Fantastisch ist der Sound des neuen Albums: kräftiger Soul und Blues, der zu Claudia Korecks erdiger Stimme gut passt. Dass zum ersten Mal auch ein zweiter Produzent hinzugezogen wurde, ist dem Album nur zuträglich....man wird betriebsblind, wenn immer nur der eigene Ehemann an den Reglern des Mischpults sitzt, meint Koreck und schwärmt von Henry Hirsch. Der hat nicht nur alle Alben von Lenny Krawitz produziert, sondern auch CDs von Mick Jagger oder Vanessa Paradis.
"Wenn man in die Alben von Lenny Krawitz reinhört – der hat einen sehr speziellen Sound und der kommt auch durch die Mischung zustande, ja, und dann hamma einfach g'schaut wer hod des g'mischt, ok, Henry Hirsch, den hamma dann o'gschrimm, ob er Lust hätte unser Album oder ein paar Songs zu mischen. Der hat sein Studio in der Nähe von New York, was ganz gut war, weil er dadurch auch bezahlbar war. Der hat ein tolles Studio dort, eine umfunktionierte Kirche mit oidn Maschinen rumstehen, durch die er unsere Spuren, meinen Gesang g'jagt hod, so Beatles/Abbey-Road, nur als Stichwort – des san so seine Steckenpferde."
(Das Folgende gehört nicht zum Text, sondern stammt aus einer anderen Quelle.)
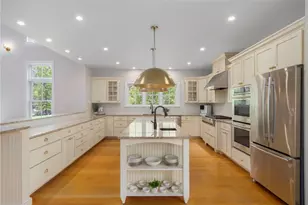 104 Ferry Rd, Bristol, RI 02809 - Photo 12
Analoges Studioequipment prägt ihren Sound
Gemeint ist damit analoges Studioequipment – Vierspurgeräte, Mischpulte aus den 60ern und Ähnliches. Mit welcher Hingabe Claudia Koreck Alben produziert, zeigt sich nicht zuletzt daran, dass sie sich was leisten möchte und darunter versteht, dass ein Produzent aus New York vier von ihrem insgesamt 12 Songs unter seine Fittiche nimmt. Mehr konnte sie sich nicht leisten, sagt sie, diese besessene Musikerin aus dem Chiemgau, die zwar naiv wirken mag, aber deutlich hörbar bei sich ist. Bei Claudia Koreck scheint die Welt und insbesondere Bayern noch in Ordnung zu sein – mit Ausnahme der Münchner Mietpreise versteht sich.